This document contains the descriptions of all the code components present in our system, and how they are meant to be used.
###The Data:
The NYC taxi data was originally through a Freedom of Information Law (FOIL) request from the New York City Taxi & Limousine Commission (NYCT&L). The dataset is available for download publicly at multiple hosting sites. You can download the data from any of the following links:
http://www.andresmh.com/nyctaxitrips/
OR
https://uofi.app.box.com/NYCtaxidata
###./k-means/
This folder contains the PySpark code to perform K-means clustering on the txi data, using MLlib. Your system needs to have Spark installed and working to run this. Alternative, it can also be deployed as a spark-job on EMR clusters.
###./*.ipynb
The .ipynb files are the IPython notebooks, which are used for data exploration and cleaning, as well as analysis of trends observed in the data. The system needs to have Anaconda installed to run the IPython notebooks. They are split into multiple ode chunks, with chunk performing a particular task. This allows us to execute one task at a time, rather than all at once. These notebooks are also used to create some visualization charts to describe the general trends observed in the data.

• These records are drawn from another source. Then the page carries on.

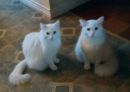 Crystal's profile on Petfinder.com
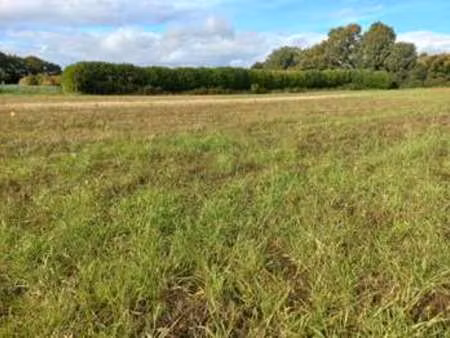 vente terrain à pleurtuit (35730) : à vendre / pleurtuit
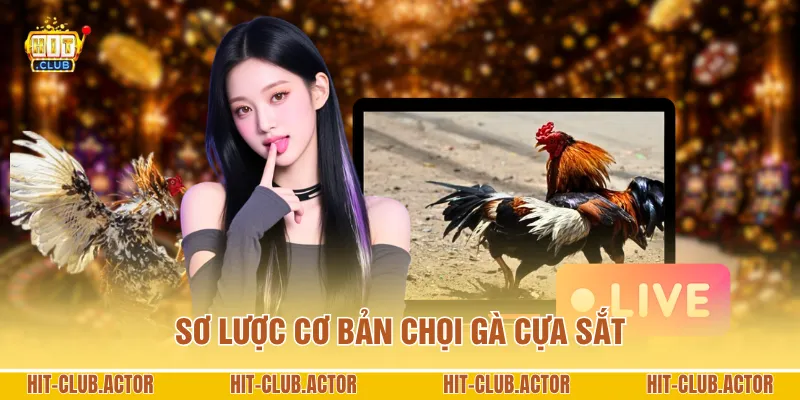 Sơ lược cơ bản chọi gà cựa sắt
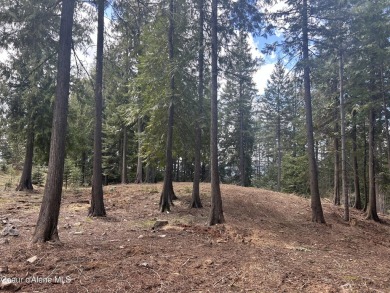 Beautiful 1 Acre Building Site , Located on The Moose Mountain on The Idaho Club in Idaho - for sale on GolfHomes.com, golf home, golf lot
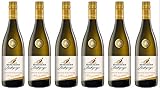 Grauburgunder Baßgeige Kabinett Trocken aus Baden, 6x0,75l I Vielseitig & Elegant I Ideal zu Steaks I Fruchtige Aromen I 3-4 Jahre Lagerpotenzial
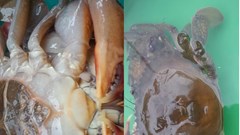 Thu hồi 570 triệu đồng từ nhiệm vụ khoa học và công nghệ nuôi cua lột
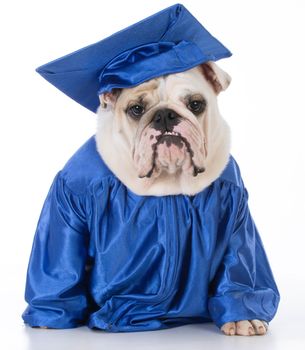 obedient english bulldog wearing graduate gown and hat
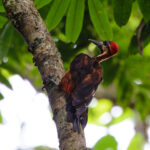 Splendid Woodpecker (image by Leo Garrigues)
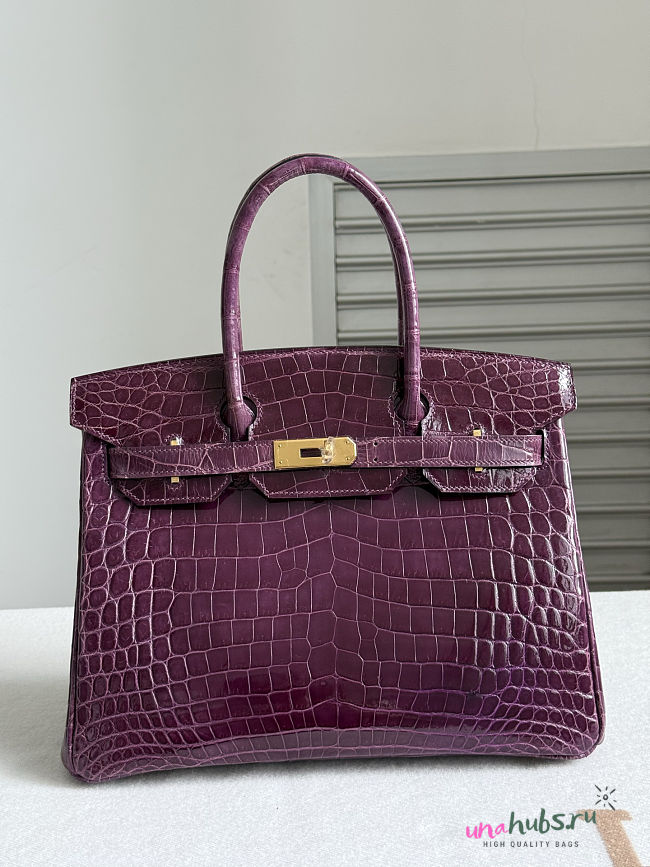Hermes Birkin Purple Crocodile Gold  - 1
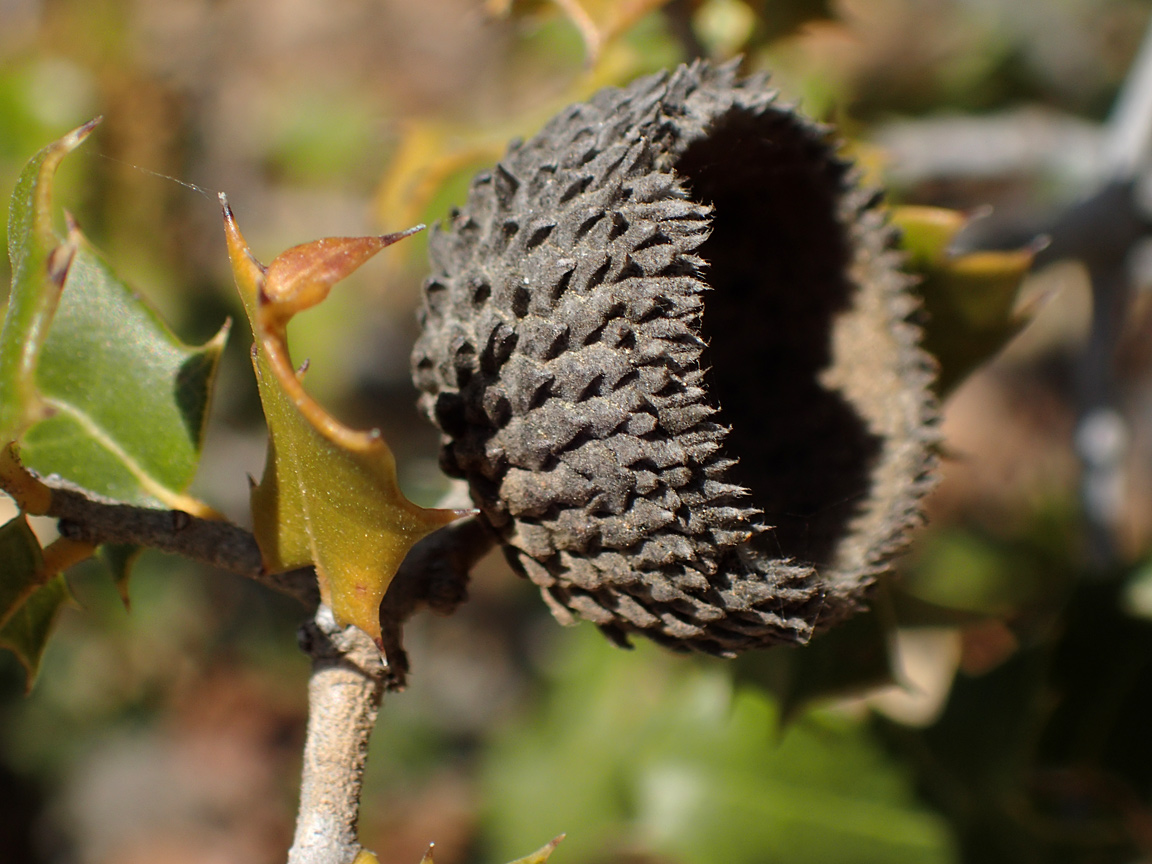 Изображение особи Quercus coccifera.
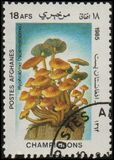 [Flora - Mushrooms, ประเภท ABW]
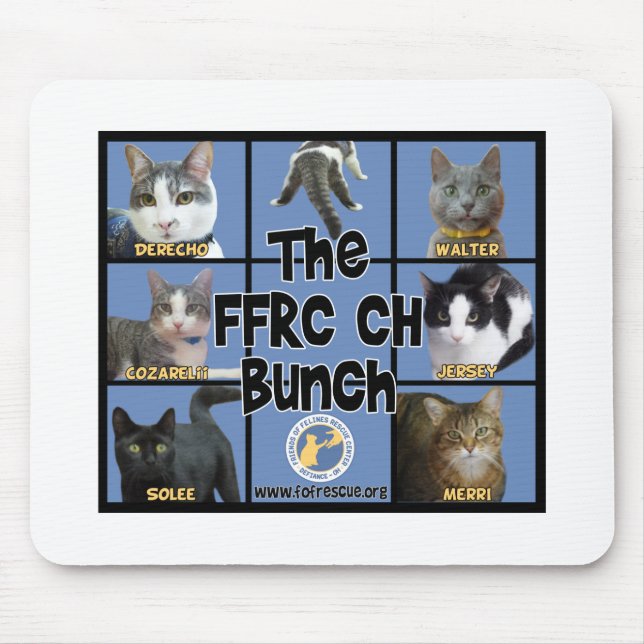 FFRC CH Bunch Mousepad (Front)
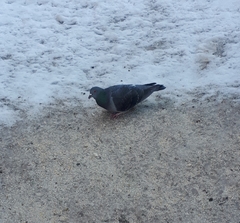 Columba livia domestica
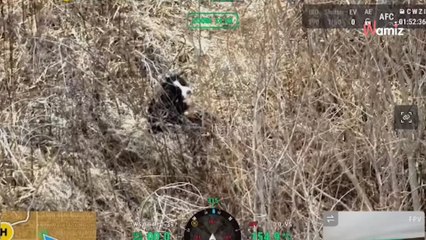 They lost their dog for a week until someone with a drone came to the rescue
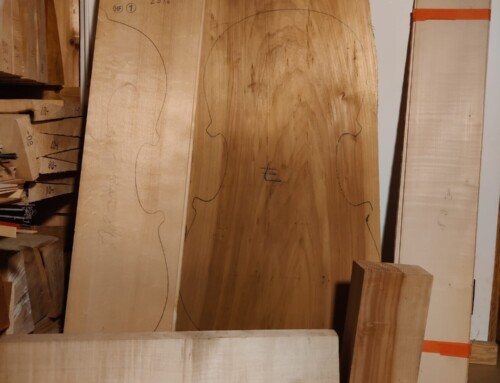 Cello, Vik Vandamme Roeselare 2026 – von der Lippe modell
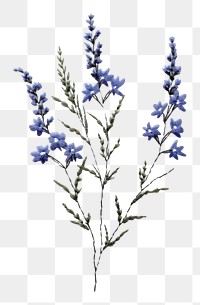 PNG Embroidery flower lavender blossom AI generated Image by rawpixel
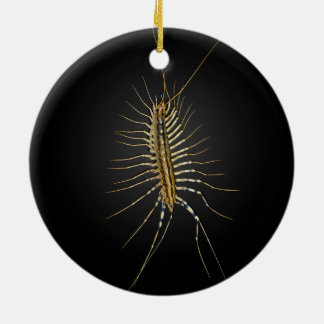 Haus-HundertfüßerScutigera Coleoptrata Keramik Ornament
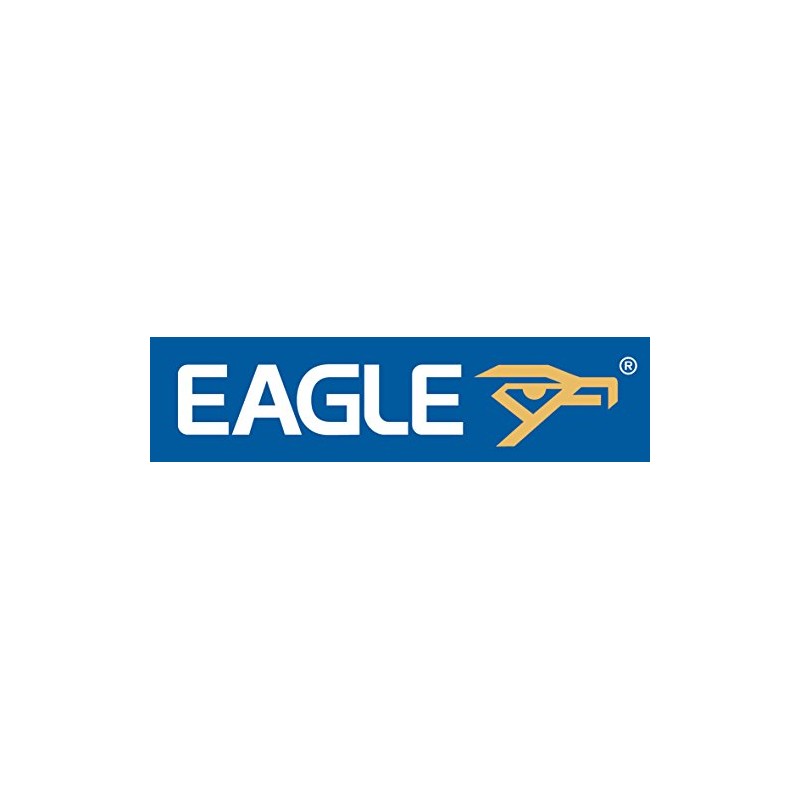 Eagle Dummy Dome Surveillance Camera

###./visualizations/ This folder contains the visulization code used to generate the Google Map visuals, depicting the most popular taxi-routes in New York City. It leverages JavaScript and HTML, as well as Google Maps API.
###AWS You would first need to launch an AWS EMR cluster comfigured with Spark and Ganglia. This project utilized 20 nodes (1 master and 19 slaves) which were of the m2.xlarge configuration. Next the Spark environment needs to be set up in the local machine and you would need to get the URL of the master node.
Next you would need to upload the data for the trip records to S3. This is achieved using AWS CLI tool for this project.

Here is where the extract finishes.